Kraft Heinz — which could use some good PR about now — has unveiled a new direct-to-consumer channel partnership with San Francisco-based online grocer Farmstead.
With the giant consumer packaged goods company still under fire for having surprised investors with bad fourth-quarter news that included a $12.6-billion net loss, evidence of innovation and investment in growth is desirable, to say the least.
Kraft Heinz is the first major CPG partner for Farmstead, which has mainly offered local brands. The deal, announced during this week’s Shoptalk 2019 conference, makes Kraft Heinz staples including Heinz Ketchup, Philadelphia Cream Cheese, Jell-O and Kraft Mac & Cheese available to Farmstead customers, upping Farmstead’s overall inventory by 5%.
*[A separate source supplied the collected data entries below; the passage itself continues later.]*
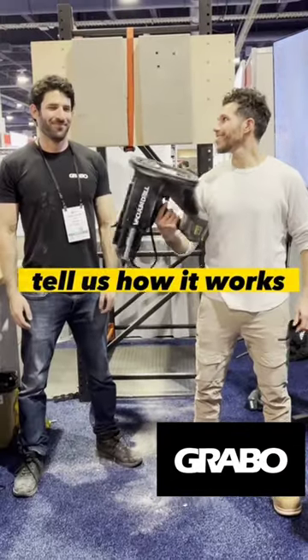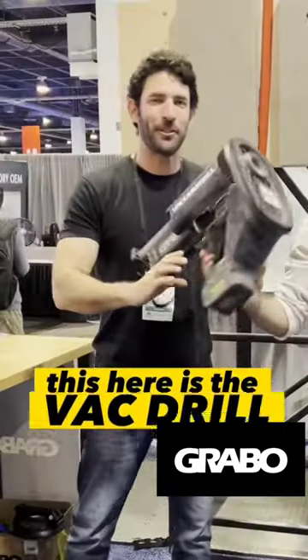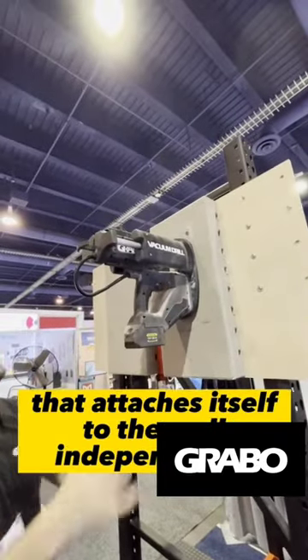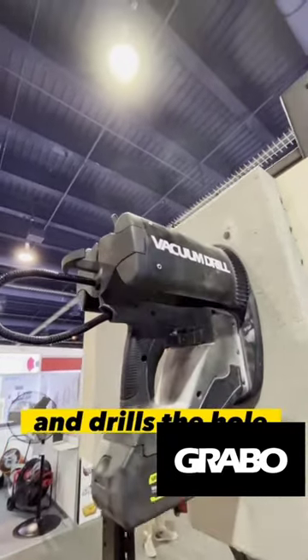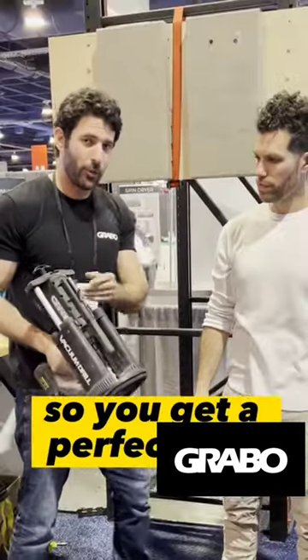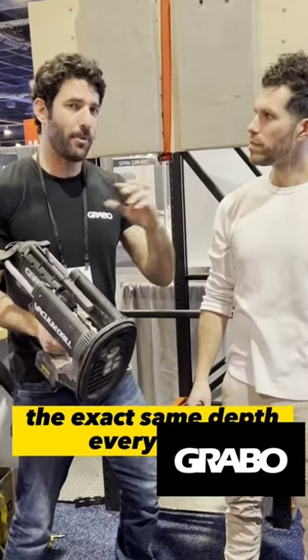This thing is so cool. Tell us how it works. This here is a back drill — it's a SDS rotary hammer drill that attaches itself to the wall independently and drills the hole automatically. It also stops exactly where you set it, so you get a perfect hole the exact same depth every time.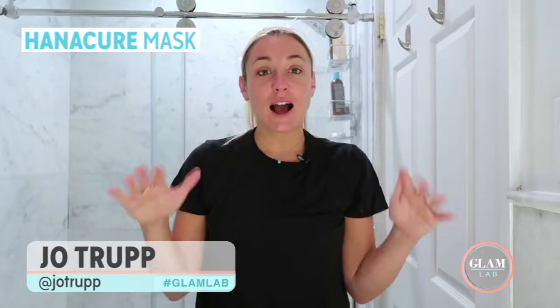Hey guys, it's Jo, and next up in the Glam Lab, I am trying out the Handicure Face Mask. I don't know about you, but this has been blowing up all over my Facebook and Instagram feed. I see celebs are trying it left and right, and they're loving it.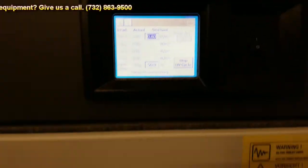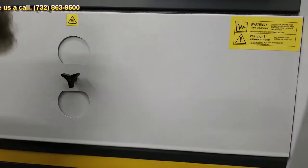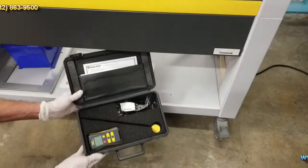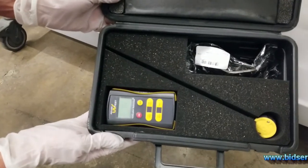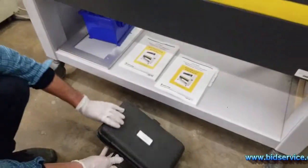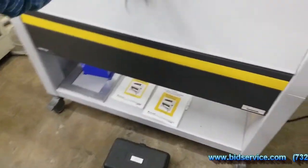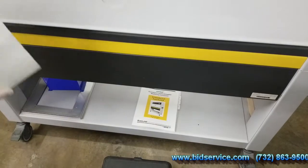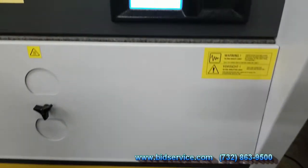You'll receive an instruction manual, and I did the calibration as per the manual — this is the calibration set that you'll receive. Basically you open these panels; it's explained in the manual how to do it. We'll come back in a little while and I'll do the humidity test.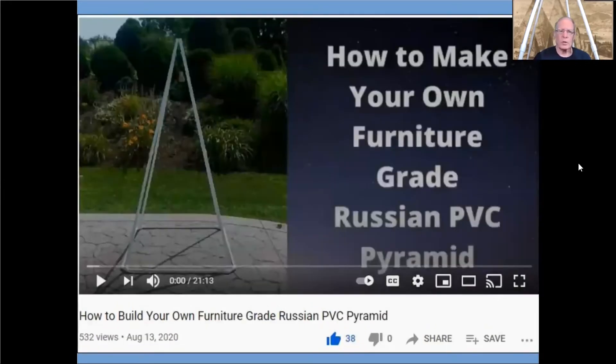The second video is how to make your own furniture grade PVC pyramid. I do the exact same thing — I show you the parts, where to get them, and I give you all of the calculations in both of these to do this within six-inch increments of height. So there's not really a lot of calculation you need to do if you want a custom one. On the furniture grade I also show you the calculations to do interpolations between the six-inch increments. So those two are the ones on how to make your own pyramid.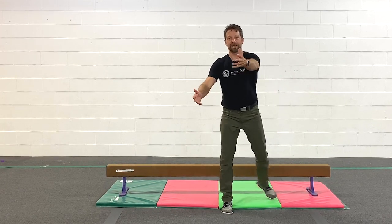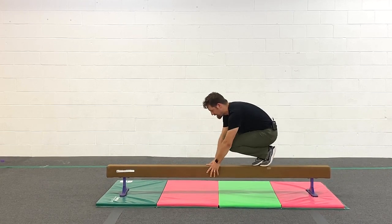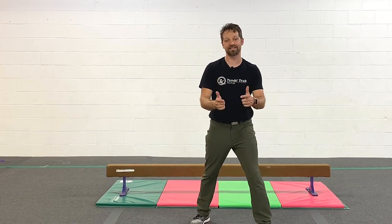The last one you can do is bunny hops where you go hands and feet like this — hands, feet, hands, feet. That one is awesome for building confidence for handstands down the road.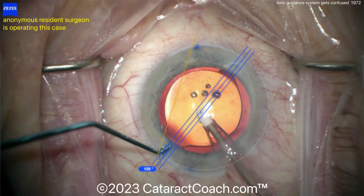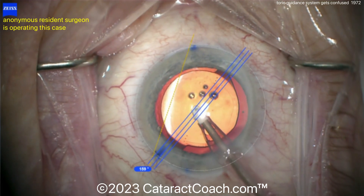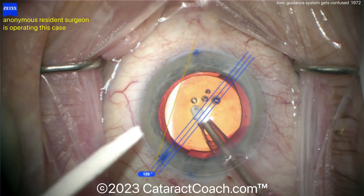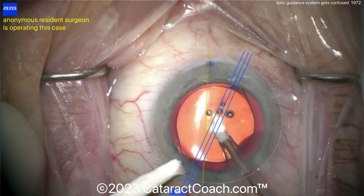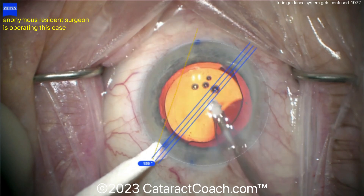Now you can see — the chopper is not blocking it enough. Get a Wexcel sponge and block that completely. Because when you block it with a Wexcel sponge, the machine says okay, that's the other 180 mark, and it changes the axis. Now you can have a more accurate axis.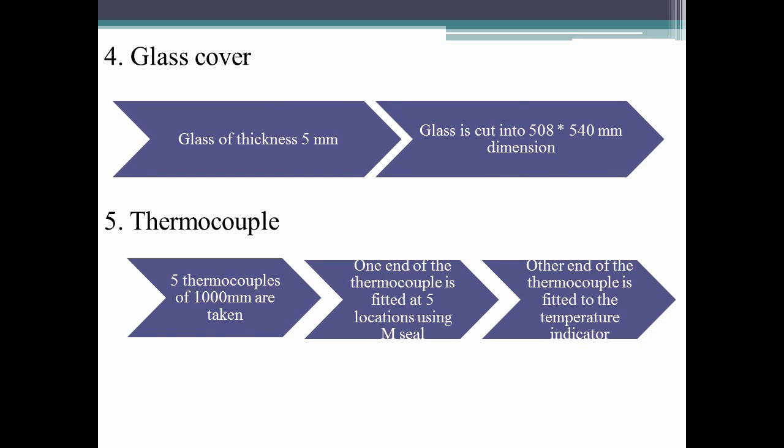The top cover is a normal plain glass. To measure temperature, we bought K-type thermocouples of 5m length, cut into 1m each. These are fixed at various points inside the box to measure temperatures, and the other ends are connected to a digital thermal indicator to display the readings.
Farmstead says it uses artificial intelligence and advanced logistics to predict consumer demand and reduce waste and other costs — enabling it to offer fresh, locally sourced foods at better prices than local supermarkets. That includes low-fee, or in some cases no-fee, 35-minute delivery (some of which is done through a partnership with autonomous/self-driving vehicle company Udelv.)
The online grocer is currently limited to the Bay Area, but has plans to expand to other markets starting this year.
Kraft Heinz already sells its brands through large online marketplaces, including Amazon and Walmart. But like virtually all large CPG marketers, it is pushing hard to expand its DTC channels, thanks to changing consumer product preferences and online’s growing competition with traditional supermarkets.
In addition, partnering with an online grocer associated with fresh food and tech — two attributes close to the hearts of millennials and Gen Zs — might help Kraft Heinz’s image with younger consumers.
“Kraft Heinz welcomes the opportunity to partner with innovative emerging platforms, like Farmstead, which offer consumers differentiated value in grocery ordering and delivery,” said Jacob Stewart, head of ecommerce sales at Kraft Heinz.
While it’s also possible that Farmstead customers might be alienated by the addition of mass-market CPG brands, convenience is, of course, a core driver of ecommerce. Enabling consumers to buy most of their grocery needs in one place is key to making the online business model work, and to geographic expansion.
“Our research shows that most families go to multiple grocery stores to find everything they need within their budget,” said Pradeep Elankumaran, founder and CEO of Farmstead. “Farmstead’s goal is to be the only grocer a household needs. With this Kraft Heinz partnership, we’re now able to source more mainstream grocery items [as well as] the great locally sourced produce they are accustomed to from Farmstead.”
Farmstead originally announced that Kraft Heinz is also participating in its new “Refill & Save” program, offering lower prices on recurring orders — but later said that this was a mistake. Brands available through that program -- with total items now at 300, up from 25 -- include La Croix, Newman’s Own and Kerrygold, according to the company.
In addition to the Farmstead deal, Kraft Heinz this week announced that it has selected the second “class” of innovative food and beverage startups for its Springboard incubation program, started last year.